Transformation rule is stored in corresponding relationship library;
Quality inspection is carried out to the financial statement converted, guarantees the correct of financial statement, then output report file.
In some embodiments of the invention, collected and storage enterprise's financial data includes global country variant, no
Same language, different industries financial statement data over the years.
In some embodiments of the invention, the accounting standard learnt mainly includes International Accounting Standard, U.S.'s accounting
The new principle of criterion and the country is carried out according to required form and criterion based on regional degree of recognition
Selection is applicable in.
In some embodiments of the invention, the learning Content of the knowledge base, including belonging to country variant, different industries
Being associated between the logical relation, report between the accounting standard of enterprise, each single item subject in accounting statement, subject and subject
Relationship.
In some embodiments of the invention, the content between described includes the review to report text, statement form
Review, report number meet and be attached with verification.
In some embodiments of the invention, after inputting new financial data, according to the new data inputted, to finance
Table is analyzed, is matched, and not matched account of finance will be identified.
In some embodiments of the invention, data analysis is with matched mainly including following process:
It imports new data and carries out batch and match calculation, report subject is carried out automatically with calculation, and calculate the standard subject amount of money;
Its Auto-matching mathematical model are as follows:
Wherein, Sim (A, B): subject A with selection section purpose similarity;
N: the single existing corresponding relationship subject identical characters number of new subject and selection;
M: the single existing biggish section's purpose number of characters of corresponding relationship subject number of characters of new subject and selection;
Wherein, p (A): no corresponding relationship subject has the similar probability of corresponding relationship subject with the single of selection;
Ai: i-th of word.
The report being correctly completed label is become into completion status, is waited to be output.
In some embodiments of the invention, to not matched subject, the master die most proper with subject is not matched is looked for
Plate subject is matched;When modifying for the subject of repeated matching, need to select in a plurality of subject listed with it is current
The modification for the progress repeated matching that subject is best suitable for.
In some embodiments of the invention, if described occur error in data with calculation automatically to what subject report carried out,
Matching rule foundation is carried out to report is changed by accounting specialist, Auto-matching meter is carried out to the report of same problems after confirmation is correct
It calculates.
In the present invention, if error in data occurs for the calculating of the standard form amount of money, system is checked by accounting specialist
Logic rules confirm it is errorless after the report of same problems is calculated automatically.
The embodiment of the present invention at least have the following advantages that or the utility model has the advantages that
1. the utilization of new technology
With technologies such as cloud computing, big data and machine learning (algorithm), completed in conjunction with the exploitation of business expert team,
General Promotion professional ability.
2. accuracy is high
The utilization of new technology ensure that more comprehensively, more fully grasp accounting standard and financial data, converted to across criterion
The application of corresponding relationship rule is more accurate.
3. reducing cost
Entire conversion process is automatically performed by program, substantially reduces operating cost.

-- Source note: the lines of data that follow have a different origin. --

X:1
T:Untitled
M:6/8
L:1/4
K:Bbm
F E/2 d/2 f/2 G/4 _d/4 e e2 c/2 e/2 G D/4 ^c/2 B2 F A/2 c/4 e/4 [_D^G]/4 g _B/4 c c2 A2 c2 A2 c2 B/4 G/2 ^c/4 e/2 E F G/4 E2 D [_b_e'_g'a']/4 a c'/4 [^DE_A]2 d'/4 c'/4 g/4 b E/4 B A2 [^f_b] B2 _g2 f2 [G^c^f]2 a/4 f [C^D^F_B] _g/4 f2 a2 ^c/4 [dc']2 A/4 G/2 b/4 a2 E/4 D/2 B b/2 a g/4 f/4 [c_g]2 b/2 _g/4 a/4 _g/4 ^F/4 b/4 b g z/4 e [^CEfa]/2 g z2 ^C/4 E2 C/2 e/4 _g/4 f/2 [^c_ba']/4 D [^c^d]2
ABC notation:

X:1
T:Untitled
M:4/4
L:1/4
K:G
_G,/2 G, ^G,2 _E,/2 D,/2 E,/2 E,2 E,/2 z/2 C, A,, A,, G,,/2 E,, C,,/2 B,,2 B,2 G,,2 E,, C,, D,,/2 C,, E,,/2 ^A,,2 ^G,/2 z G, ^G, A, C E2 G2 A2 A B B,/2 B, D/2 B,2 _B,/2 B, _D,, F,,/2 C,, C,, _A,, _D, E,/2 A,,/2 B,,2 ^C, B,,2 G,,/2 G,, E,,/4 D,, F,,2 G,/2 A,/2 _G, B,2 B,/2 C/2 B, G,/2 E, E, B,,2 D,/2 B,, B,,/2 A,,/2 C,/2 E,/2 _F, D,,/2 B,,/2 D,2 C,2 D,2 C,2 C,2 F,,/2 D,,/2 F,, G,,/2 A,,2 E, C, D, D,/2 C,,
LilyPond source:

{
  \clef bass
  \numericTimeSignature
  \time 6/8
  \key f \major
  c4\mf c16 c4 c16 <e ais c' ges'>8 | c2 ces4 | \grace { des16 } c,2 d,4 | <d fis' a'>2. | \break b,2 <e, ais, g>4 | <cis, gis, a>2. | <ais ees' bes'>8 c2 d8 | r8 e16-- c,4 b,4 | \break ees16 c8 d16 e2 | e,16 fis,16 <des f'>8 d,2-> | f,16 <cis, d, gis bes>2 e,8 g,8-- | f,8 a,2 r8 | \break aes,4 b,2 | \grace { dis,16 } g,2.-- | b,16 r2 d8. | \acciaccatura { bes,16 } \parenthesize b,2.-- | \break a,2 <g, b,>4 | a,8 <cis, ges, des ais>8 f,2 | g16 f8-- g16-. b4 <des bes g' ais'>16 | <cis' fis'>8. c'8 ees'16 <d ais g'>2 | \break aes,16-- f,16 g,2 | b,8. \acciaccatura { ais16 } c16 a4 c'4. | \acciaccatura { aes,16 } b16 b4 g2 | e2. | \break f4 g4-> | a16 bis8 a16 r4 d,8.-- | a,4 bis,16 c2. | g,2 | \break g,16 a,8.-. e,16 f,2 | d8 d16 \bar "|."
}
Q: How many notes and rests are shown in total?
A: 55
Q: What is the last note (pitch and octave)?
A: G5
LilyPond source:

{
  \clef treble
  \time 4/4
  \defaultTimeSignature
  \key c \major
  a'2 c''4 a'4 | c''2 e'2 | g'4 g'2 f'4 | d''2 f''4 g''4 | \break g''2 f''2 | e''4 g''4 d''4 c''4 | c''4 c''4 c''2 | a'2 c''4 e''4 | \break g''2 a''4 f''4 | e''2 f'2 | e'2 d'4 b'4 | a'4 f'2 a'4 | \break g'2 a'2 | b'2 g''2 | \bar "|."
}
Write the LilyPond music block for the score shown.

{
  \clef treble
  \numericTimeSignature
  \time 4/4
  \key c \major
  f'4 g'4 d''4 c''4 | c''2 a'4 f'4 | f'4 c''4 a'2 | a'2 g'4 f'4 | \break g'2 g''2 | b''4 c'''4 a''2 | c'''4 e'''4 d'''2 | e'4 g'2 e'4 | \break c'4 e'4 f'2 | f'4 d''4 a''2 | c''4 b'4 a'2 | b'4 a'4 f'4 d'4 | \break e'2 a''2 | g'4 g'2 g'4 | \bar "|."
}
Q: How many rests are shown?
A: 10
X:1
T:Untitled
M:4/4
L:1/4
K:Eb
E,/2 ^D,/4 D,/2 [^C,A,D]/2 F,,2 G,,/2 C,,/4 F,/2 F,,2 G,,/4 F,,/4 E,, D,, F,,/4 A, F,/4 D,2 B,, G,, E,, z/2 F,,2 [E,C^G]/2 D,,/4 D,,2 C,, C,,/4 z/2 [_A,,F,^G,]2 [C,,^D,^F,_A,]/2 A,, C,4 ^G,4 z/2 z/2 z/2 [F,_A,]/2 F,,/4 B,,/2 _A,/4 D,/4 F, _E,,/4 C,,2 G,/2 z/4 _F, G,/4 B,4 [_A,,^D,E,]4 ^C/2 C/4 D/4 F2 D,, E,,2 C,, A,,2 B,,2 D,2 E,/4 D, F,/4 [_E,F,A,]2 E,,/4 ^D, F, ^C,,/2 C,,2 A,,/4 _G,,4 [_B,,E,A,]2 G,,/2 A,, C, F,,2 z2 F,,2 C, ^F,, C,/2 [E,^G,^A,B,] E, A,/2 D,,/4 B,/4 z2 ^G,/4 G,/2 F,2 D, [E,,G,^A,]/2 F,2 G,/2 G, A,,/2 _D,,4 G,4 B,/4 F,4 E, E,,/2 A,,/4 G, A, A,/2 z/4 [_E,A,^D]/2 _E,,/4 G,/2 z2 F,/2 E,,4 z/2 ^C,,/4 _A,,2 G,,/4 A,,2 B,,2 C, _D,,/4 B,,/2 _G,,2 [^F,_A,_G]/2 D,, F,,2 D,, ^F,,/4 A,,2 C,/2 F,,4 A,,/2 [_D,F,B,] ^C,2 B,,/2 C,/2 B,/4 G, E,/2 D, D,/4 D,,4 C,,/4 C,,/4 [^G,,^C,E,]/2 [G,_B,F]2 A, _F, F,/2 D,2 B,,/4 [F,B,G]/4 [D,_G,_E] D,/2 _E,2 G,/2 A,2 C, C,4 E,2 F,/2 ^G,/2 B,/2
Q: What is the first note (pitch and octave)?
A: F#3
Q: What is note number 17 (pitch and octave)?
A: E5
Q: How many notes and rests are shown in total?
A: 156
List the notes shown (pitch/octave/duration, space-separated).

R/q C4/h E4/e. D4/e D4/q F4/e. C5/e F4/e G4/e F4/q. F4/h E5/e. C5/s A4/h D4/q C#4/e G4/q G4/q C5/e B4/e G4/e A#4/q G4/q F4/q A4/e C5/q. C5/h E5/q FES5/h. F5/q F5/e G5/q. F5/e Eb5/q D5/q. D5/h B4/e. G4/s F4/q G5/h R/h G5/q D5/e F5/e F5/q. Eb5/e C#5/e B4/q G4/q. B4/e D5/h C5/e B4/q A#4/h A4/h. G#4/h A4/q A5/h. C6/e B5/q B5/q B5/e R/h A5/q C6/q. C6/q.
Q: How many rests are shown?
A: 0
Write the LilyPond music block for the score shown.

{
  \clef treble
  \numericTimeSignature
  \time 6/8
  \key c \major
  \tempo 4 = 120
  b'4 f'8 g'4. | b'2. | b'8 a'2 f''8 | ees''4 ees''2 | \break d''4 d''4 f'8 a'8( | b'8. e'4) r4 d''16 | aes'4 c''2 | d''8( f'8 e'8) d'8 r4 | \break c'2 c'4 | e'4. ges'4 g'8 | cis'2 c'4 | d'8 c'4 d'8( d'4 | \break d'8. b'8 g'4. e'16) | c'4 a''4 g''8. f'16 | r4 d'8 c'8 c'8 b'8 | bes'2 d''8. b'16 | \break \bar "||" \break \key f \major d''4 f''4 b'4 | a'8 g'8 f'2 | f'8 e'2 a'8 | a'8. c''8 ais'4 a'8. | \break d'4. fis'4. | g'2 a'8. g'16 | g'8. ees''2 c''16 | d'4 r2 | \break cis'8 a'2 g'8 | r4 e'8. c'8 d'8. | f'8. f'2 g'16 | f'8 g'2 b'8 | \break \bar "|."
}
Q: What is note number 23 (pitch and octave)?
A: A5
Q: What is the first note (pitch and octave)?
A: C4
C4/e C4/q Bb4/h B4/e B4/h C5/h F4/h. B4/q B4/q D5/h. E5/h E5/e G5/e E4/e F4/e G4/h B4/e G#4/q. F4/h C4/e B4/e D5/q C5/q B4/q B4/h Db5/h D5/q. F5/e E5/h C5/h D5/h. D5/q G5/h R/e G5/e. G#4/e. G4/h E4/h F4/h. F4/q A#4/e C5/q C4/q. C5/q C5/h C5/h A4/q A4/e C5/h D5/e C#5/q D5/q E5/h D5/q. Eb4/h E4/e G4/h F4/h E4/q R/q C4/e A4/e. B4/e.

4. high-efficient, easy to use
It is accessed by network, enters data into system, the wealth after selecting conversion country, software systems to convert automatic output
Business data report.
Detailed description of the invention
In order to illustrate the technical solution of the embodiments of the present invention more clearly, below will be to needed in the embodiment attached
Figure is briefly described, it should be understood that the following drawings illustrates only certain embodiments of the present invention, therefore is not construed as pair
The restriction of range for those of ordinary skill in the art without creative efforts, can also be according to this
A little attached drawings obtain other relevant attached drawings.
Fig. 1 is that conversion of the embodiment of the present invention checks flow diagram.
Specific embodiment
In order to make the object, technical scheme and advantages of the embodiment of the invention clearer, below in conjunction with the embodiment of the present invention
In attached drawing, technical scheme in the embodiment of the invention is clearly and completely described, it is clear that described embodiment is
A part of the embodiment of the present invention, instead of all the embodiments.The present invention being usually described and illustrated herein in the accompanying drawings is implemented
The component of example can be arranged and be designed with a variety of different configurations.
Therefore, the detailed description of the embodiment of the present invention provided in the accompanying drawings is not intended to limit below claimed
The scope of the present invention, but be merely representative of selected embodiment of the invention.Based on the embodiments of the present invention, this field is common
Technical staff's every other embodiment obtained without creative efforts belongs to the model that the present invention protects
It encloses.
It should also be noted that similar label and letter indicate similar terms in following attached drawing, therefore, once a certain Xiang Yi
It is defined in a attached drawing, does not then need that it is further defined and explained in subsequent attached drawing.
In the description of the embodiment of the present invention, " multiple " represent at least two.
Embodiment 1
One kind being based on the transnational accounting standard conversion method of machine learning financial statement, it is characterised in that:
Collect and store balance sheet, profit flow table, the cash flow statement, other comprehensive incomes of global country variant enterprise
All data are classified and are managed according to default rule by the financial datas such as table, finance note;
Knowledge base is formed from all kinds of financial information, which is accessed by machine learning, to different regional industries
Between accounting standard learnt, understand subject and subject, the relationship between report and report;
According to different accounting standards, structure of report and subject relationship and classification, specific transformation rule is formed, and will
Transformation rule is stored in corresponding relationship library;
The automatic conversion of accounting standard is realized by backstage algorithm based on existing transformation rule;
Quality inspection is carried out to the financial statement converted, guarantees the correct of financial statement, then output report file.
Specifically, in the embodiment of invention, collected and storage enterprise's financial data include global country variant,
Different language, different industries financial statement data over the years.
In an embodiment of the present invention, the accounting standard learnt mainly include International Accounting Standard, American Accounting Standards,
And domestic new principle, selection is carried out based on regional degree of recognition according to required form and criterion and is fitted
With.
In some embodiments of the invention, the learning Content of the knowledge base, including belonging to country variant, different industries
Being associated between the logical relation, report between the accounting standard of enterprise, each single item subject in accounting statement, subject and subject
Relationship.
In some embodiments of the invention, the content between described includes the review to report text, statement form
Review, report number meet and be attached with verification.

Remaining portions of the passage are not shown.